Indicates which string encoding should be used for string literals,
regexp literals and `__ENCODING__`:
# encoding: big5
''.encoding # => #<Encoding:Big5>
Default encoding is UTF-8.
It must appear in the first comment section of a file
The word "coding" may be used instead of "encoding".
=== <code>frozen_string_literal</code> Directive
When appears in the top section of a file, indicates that string literals should be allocated once at parse time and frozen.
# frozen_string_literal: true
3.times do
p 'hello'.object_id # => prints same number
end
p 'world'.frozen? # => true
The default is false; this can be changed with `--enable=frozen-string-literal`.
Without the directive, or with <code># frozen_string_literal: false</code>,
the example above would print 3 different numbers and "false".
Starting in Ruby 3.0, string literals that are dynamic are not frozen nor reused:
# frozen_string_literal: true
p "Addition: #{2 + 2}".frozen? # => false
It must appear in the first comment section of a file
=== <code>warn_indent</code> Directive
This directive can turn detection of bad indentation for statements that follow it:
def foo
end # => no warning
# warn_indent: true
def bar
end # => warning: mismatched indentations at 'end' with 'def' at 6
Another way to get these warnings to show is by running Ruby with warnings (<code>ruby -w</code>).

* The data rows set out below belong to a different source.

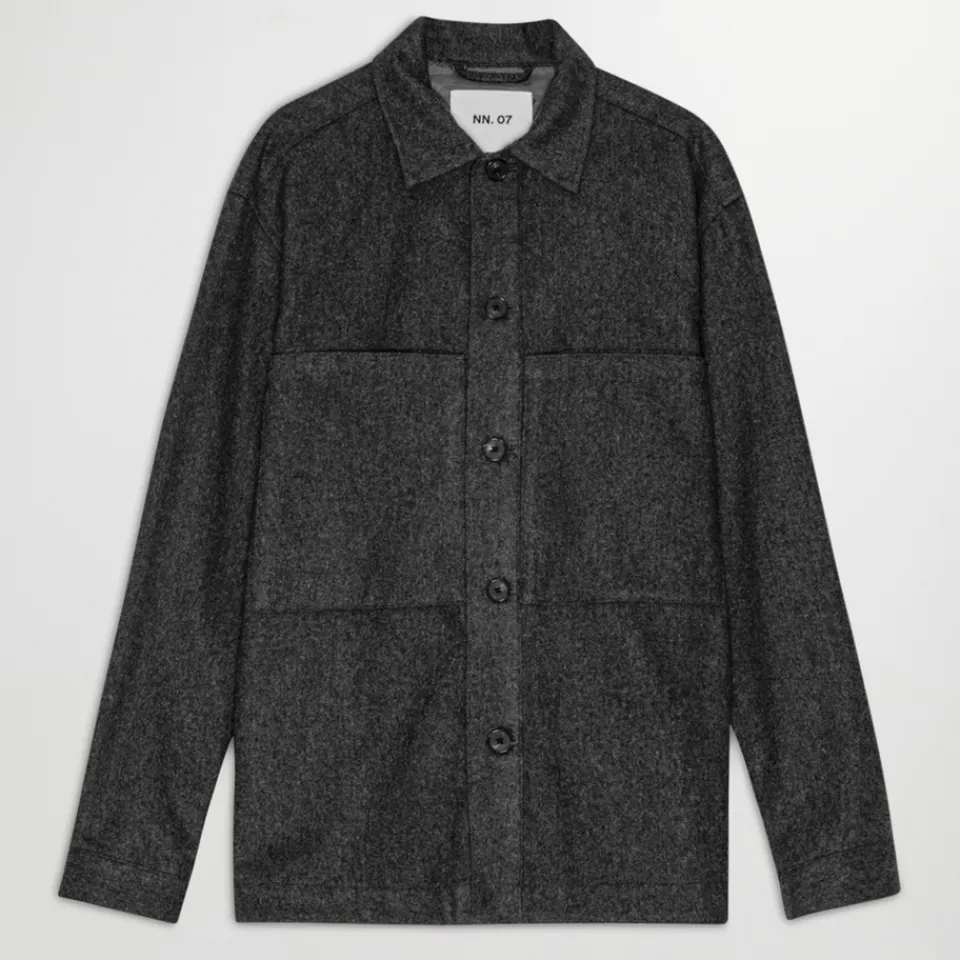 Shirts|Shirts|NN.07 Isak Wool-Blend Overshirt - M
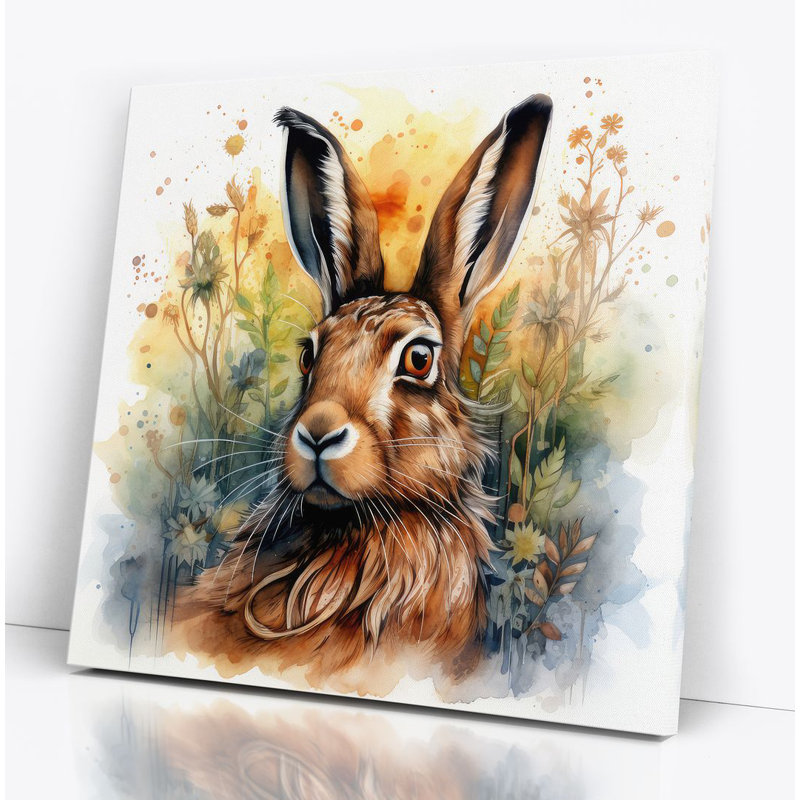 Hare Watercolour Style Canvas Print Wall Art - Wrapped Canvas Art Prints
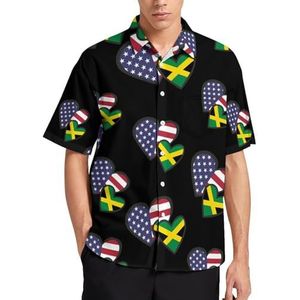 In elkaar grijpende harten VS Jamaicaanse vlag zomer herenoverhemden casual korte mouw button down blouse strand top met zak L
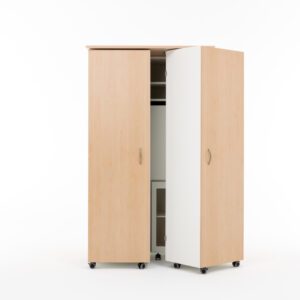 Sewing station, sewing furniture, compact sewing station, sewing machine storage, RMF Sewing Furniture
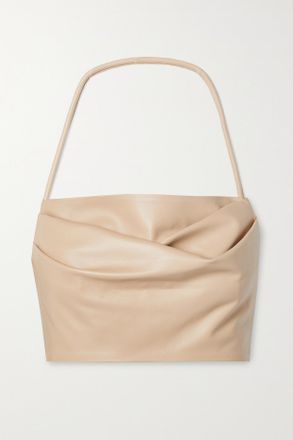 Balmain Cropped Gathered Leather Halterneck Top - Neutri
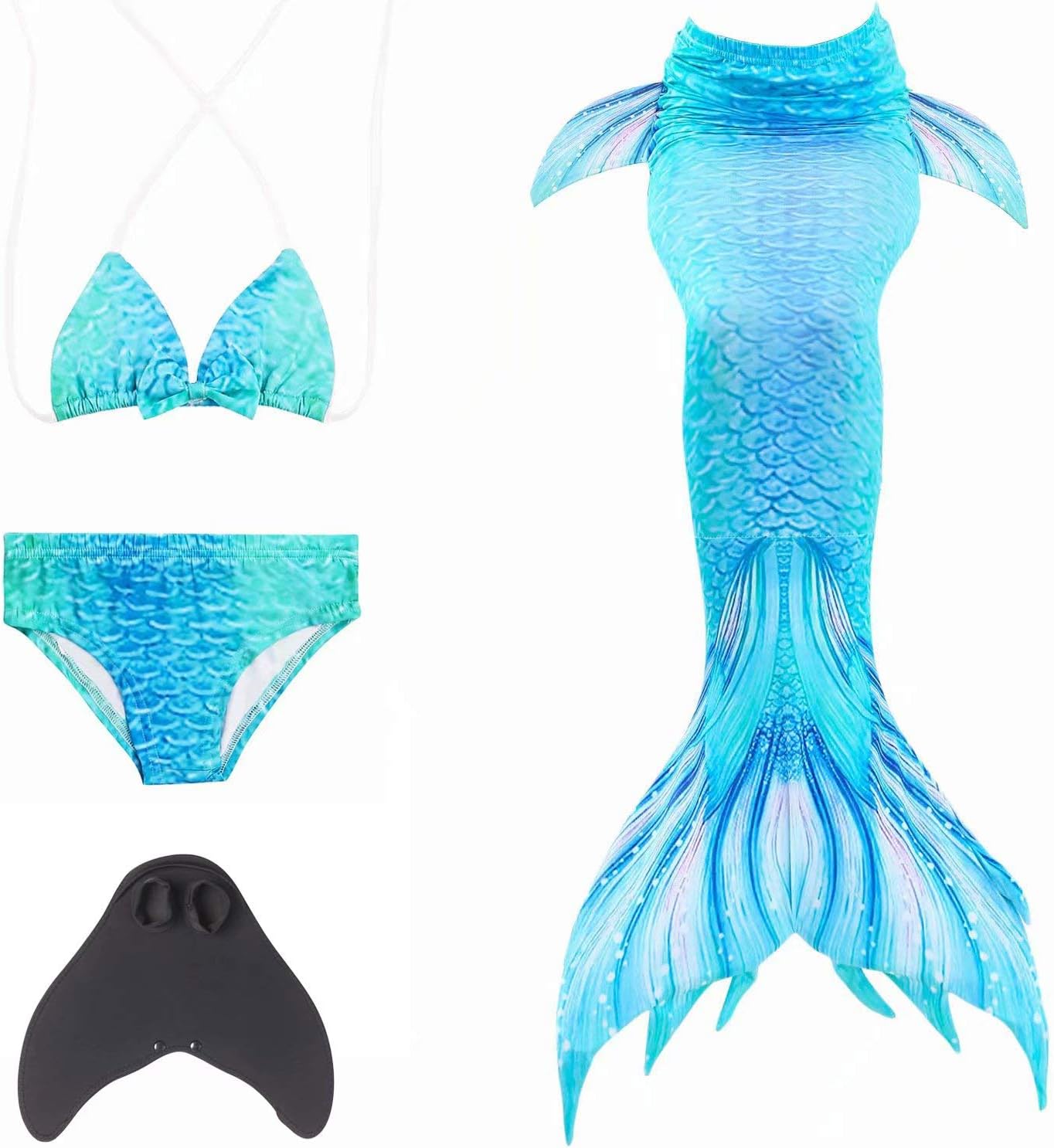 Girl's Mermaid Tails Swimmable Swimwear Sets with Monofin 4pcs Princess Swimsuit Costume for Girls 2-12 Years, 02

Using a directive to set this false will prevent these warnings to show.
Note: This directive is experimental in Ruby 3.0 and may change in future releases.

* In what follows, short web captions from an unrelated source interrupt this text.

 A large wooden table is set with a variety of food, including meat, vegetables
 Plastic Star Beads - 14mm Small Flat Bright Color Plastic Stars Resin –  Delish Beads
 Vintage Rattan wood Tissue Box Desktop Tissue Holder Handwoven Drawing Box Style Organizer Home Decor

This special directive helps to create constants that hold only immutable objects, or {Ractor-shareable}[rdoc-ref:Ractor@Shareable+and+unshareable+objects] constants.
The directive can specify special treatment for values assigned to constants:
* +none+: (default)
* +literal+: literals are implicitly frozen, others must be Ractor-shareable
* +experimental_everything+: all made shareable
==== Mode +none+ (default)
No special treatment in this mode (as in Ruby 2.x): no automatic freezing and no checks.
It has always been a good idea to deep-freeze constants; Ractor makes this
an even better idea as only the main ractor can access non-shareable constants:
# shareable_constant_value: none
A = {foo: []}
A.frozen? # => false
Ractor.new { puts A } # => can not access non-shareable objects by non-main Ractor.
==== Mode +literal+
In "literal" mode, constants assigned to literals will be deeply-frozen:
# shareable_constant_value: literal
X = [{foo: []}] # => same as [{foo: [].freeze}.freeze].freeze
Other values must be shareable:
# shareable_constant_value: literal
X = Object.new # => cannot assign unshareable object to X
Note that only literals directly assigned to constants, or recursively held in such literals will be frozen:
# shareable_constant_value: literal
var = [{foo: []}]
var.frozen? # => false (assignment was made to local variable)
X = var # => cannot assign unshareable object to X
X = Set[1, 2, {foo: []}].freeze # => cannot assign unshareable object to X
# (`Set[...]` is not a literal and
# `{foo: []}` is an argument to `Set.[]`)
The method Module#const_set is not affected.
==== Mode +experimental_everything+
In this mode, all values assigned to constants are made shareable.